DATA IN THIS EXERCISE Start Marker

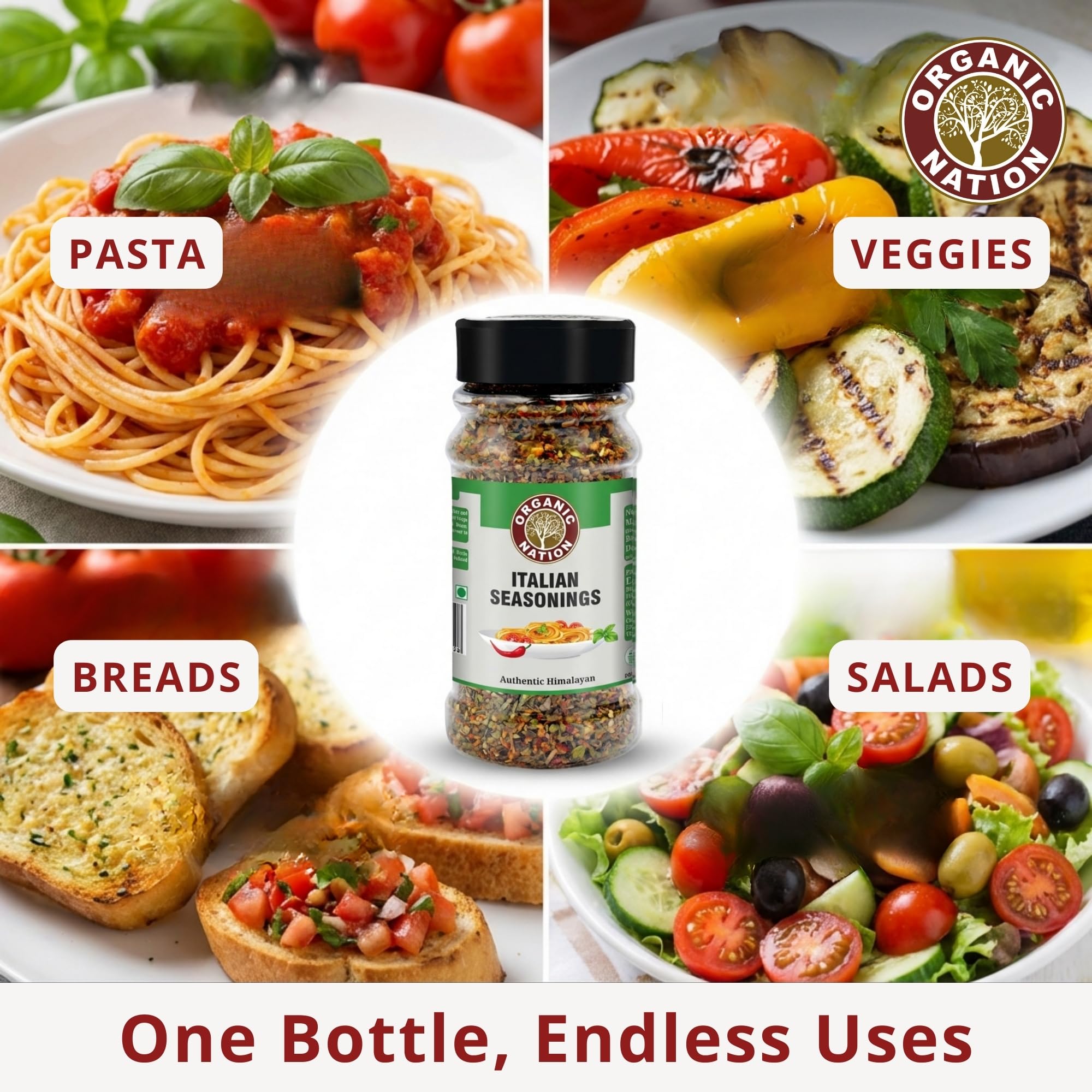 ORGANIC NATION Italian Seasoning Mixed Herbs (90g Pack of 2) - Oregano Basil Thyme Rosemary Blend - No Preservatives - Perfect for Pizza, Pasta, Garlic Bread and Sauces 3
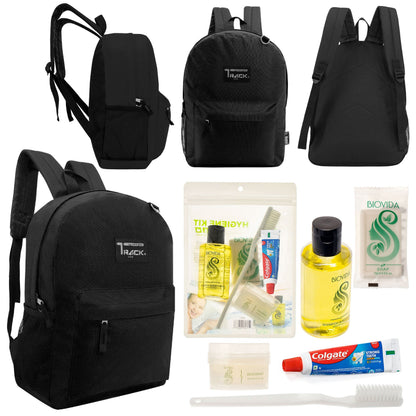 12 klassische 17 'Rucksäcke in Schwarz & Ihre Wahl von 12 Bulk Hygiene Kits - Wholesale PFLEGE Package: Obdachlos, Notfall, Wohltätigkeit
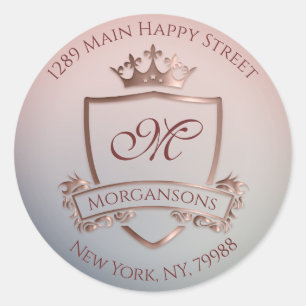 Monogram Rücksendeadresse Crown Royal UAWG Blue Ro Runder Aufkleber
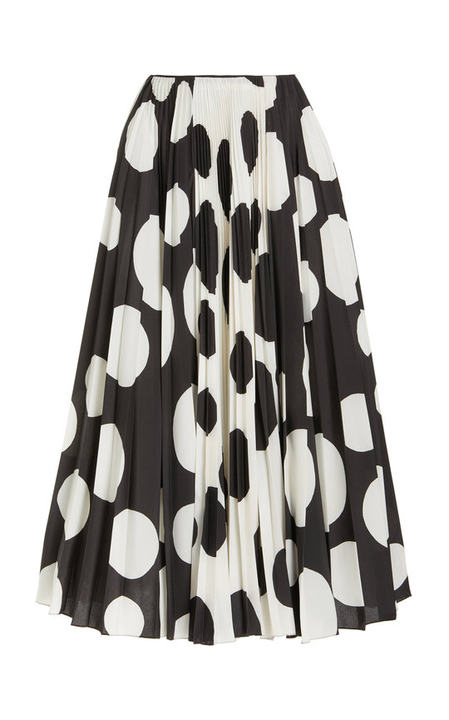 Dot-Printed Crepe de Chine Maxi Skirt展示图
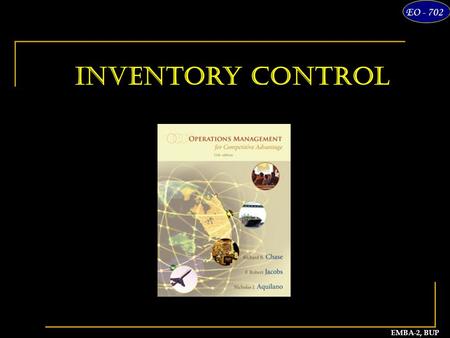 Inventory Control.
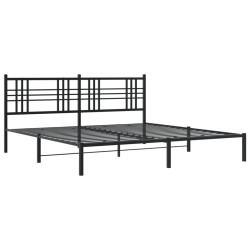 vidaXL Estructura de cama con cabecero metal negro 180x200 cm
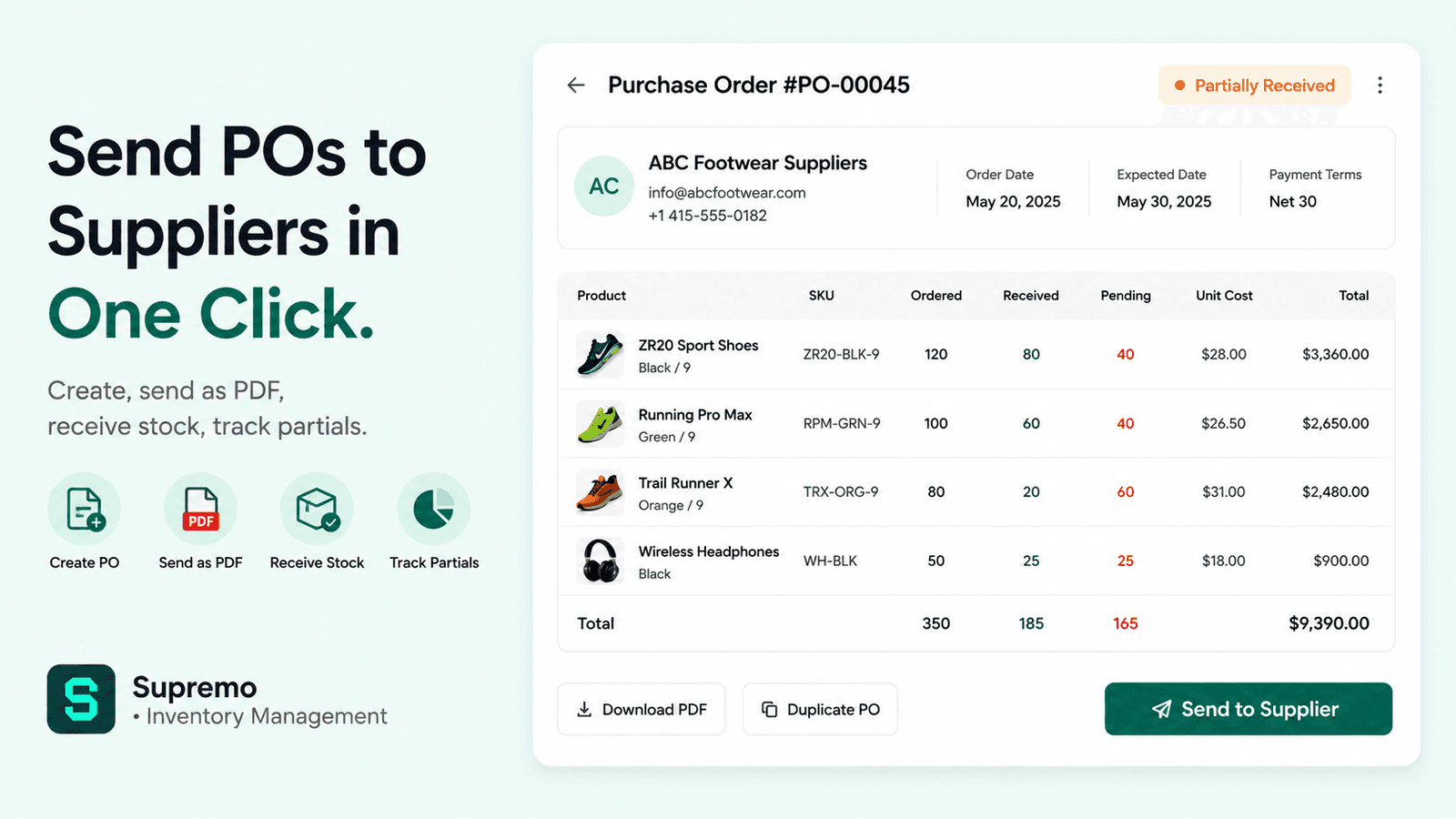 Purchase order management app for Shopify with supplier orders a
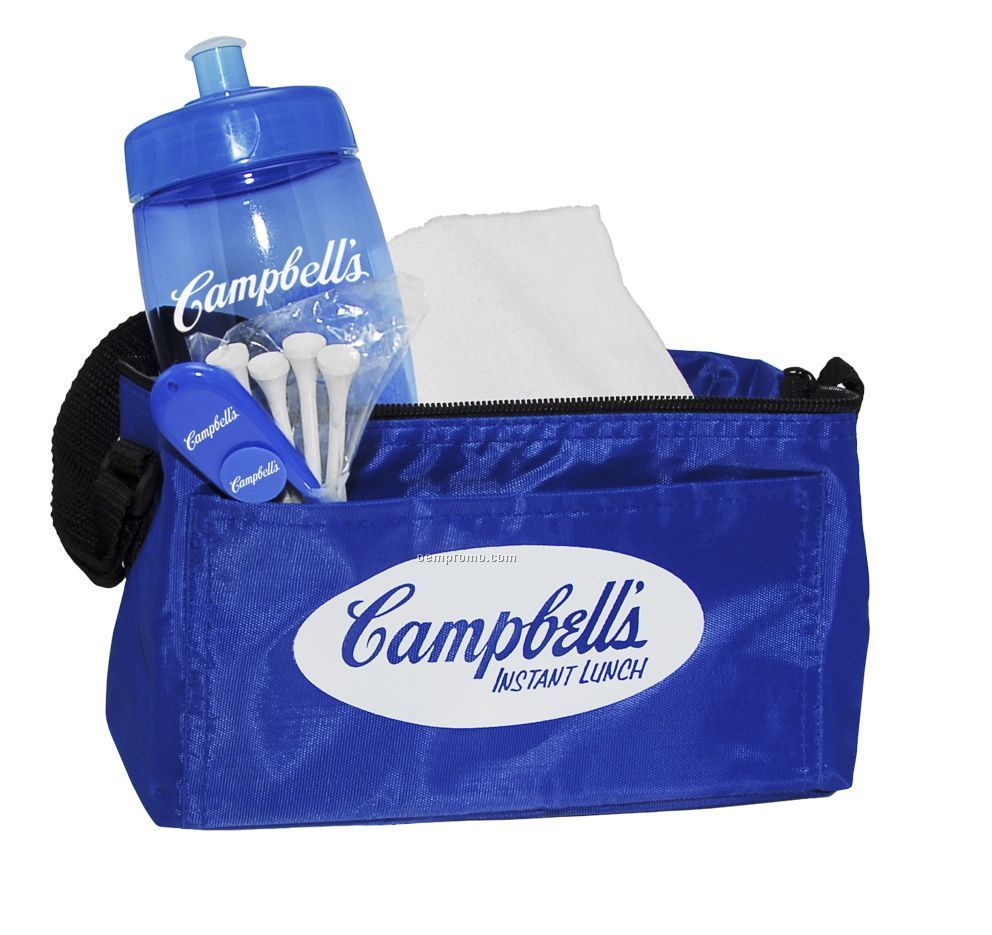 Contour Bottle Golf Gift Set W/ 24 Oz. Drink Bottle & 6 Pack Cooler Bag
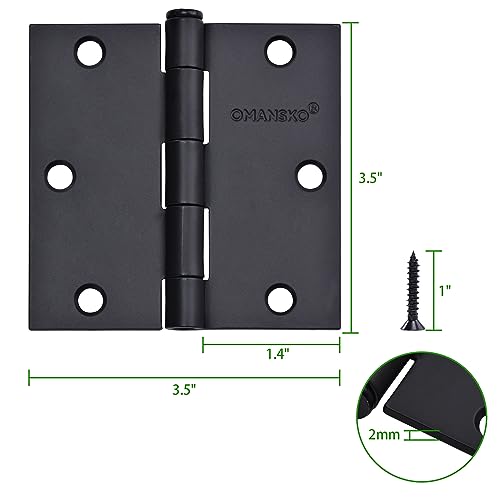 Omansko S07 24 Pack Black Door Hinges, 3.5 X 3.5 Inch Black Hinges For Interior Doors 3 1/2 Inch Door Hinges For Residential Doors, Square Corners Interior Door Hinges thumb #1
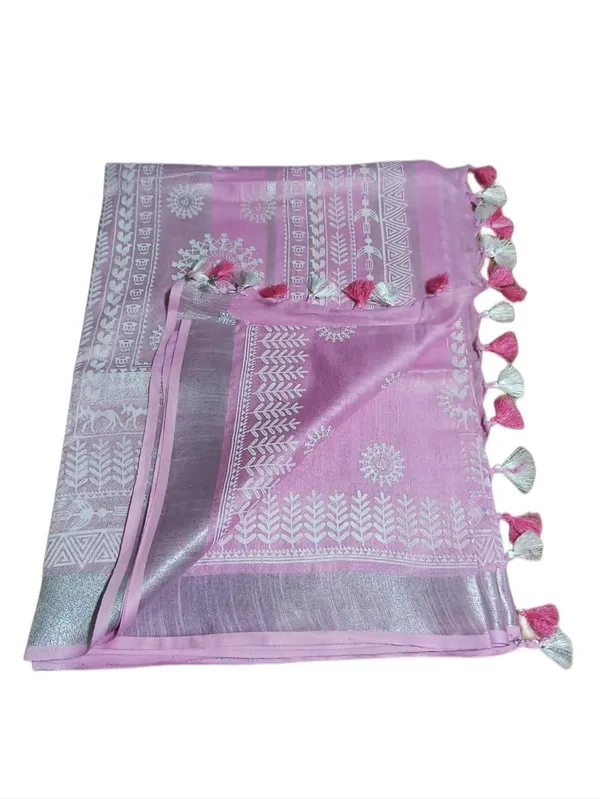 Pink_Bhagalpuri_Khari/Block_Print_Linen_Slub_Saree_With_Runnig_Blouse_Piece_For_Women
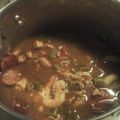 Joe's cooksnap of when they made Shrimp, sausage, and chicken GUMBO.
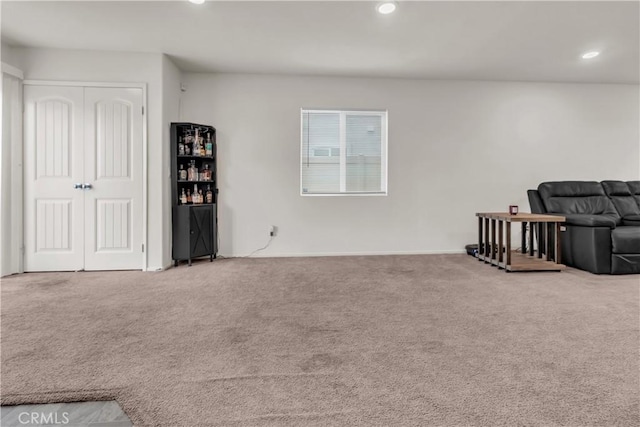 interior space with recessed lighting and carpet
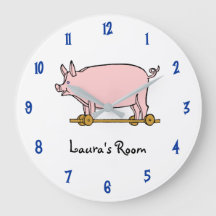 Editable Vintage Toy Pink Pig Pull Toy Wall Clock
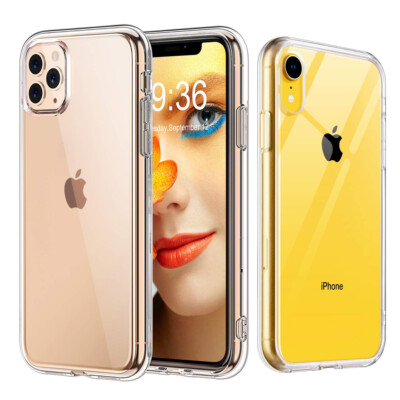 CLEAR CASE für iPhone 12 11 Pro Max Mini XS XR SE X 8 7 Schutzhülle Silikon Cover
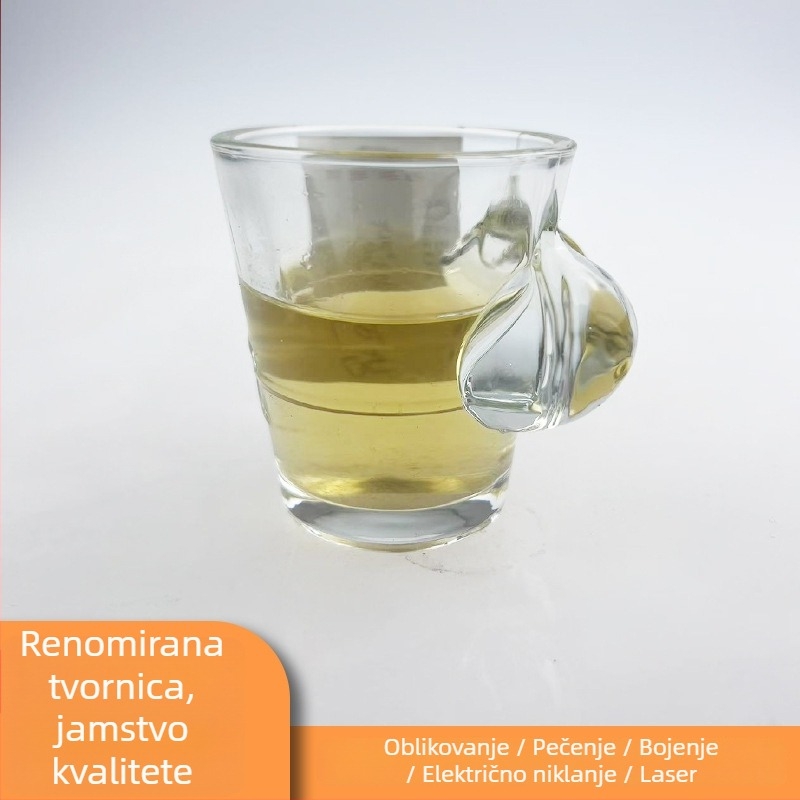 Staklena čašica za liker s oblikom grudi, tiskanje logotipa, kapacitet 1–100 ml, pakiranje u papirnatoj kutiji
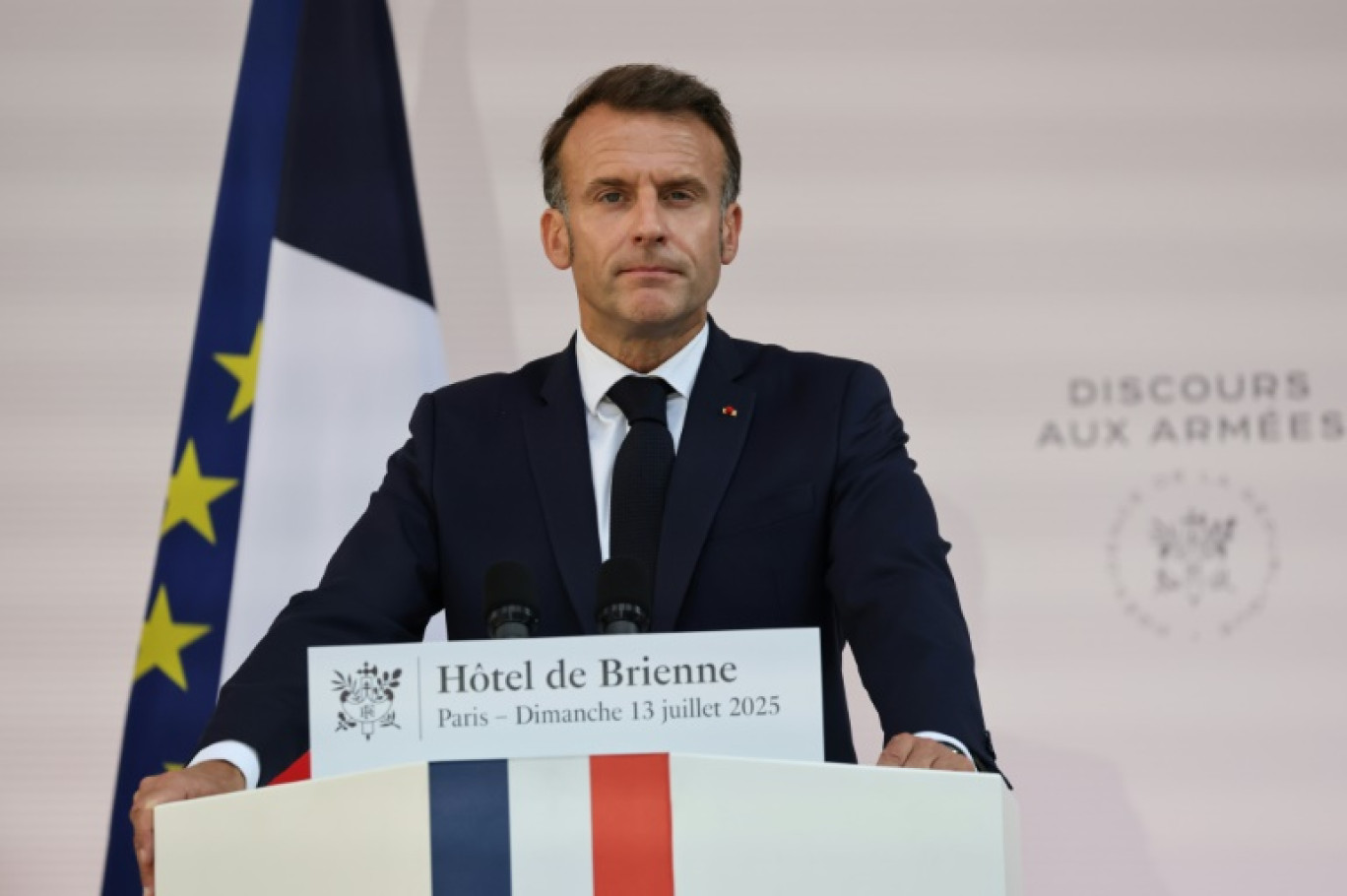 Emmanuel Macron lors de son discours aux armées, le 13 juillet 2025 à Paris © Ludovic MARIN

DATA IN THIS EXERCISE End Marker

TASK INSTRUCTIONS: Using the data above, transcribe exactly the lines between those containing "Monogram Rücksendeadresse Crown" and "Joe's cooksnap of", inclusive, and leave every picture behind.

COMPLETED TASK:
 Monogram Rücksendeadresse Crown Royal UAWG Blue Ro Runder Aufkleber
 Dot-Printed Crepe de Chine Maxi Skirt展示图
 Inventory Control.
 vidaXL Estructura de cama con cabecero metal negro 180x200 cm
 Purchase order management app for Shopify with supplier orders a
 Contour Bottle Golf Gift Set W/ 24 Oz. Drink Bottle & 6 Pack Cooler Bag
 Omansko S07 24 Pack Black Door Hinges, 3.5 X 3.5 Inch Black Hinges For Interior Doors 3 1/2 Inch Door Hinges For Residential Doors, Square Corners Interior Door Hinges thumb #1
 Pink_Bhagalpuri_Khari/Block_Print_Linen_Slub_Saree_With_Runnig_Blouse_Piece_For_Women
 Joe's cooksnap of when they made Shrimp, sausage, and chicken GUMBO.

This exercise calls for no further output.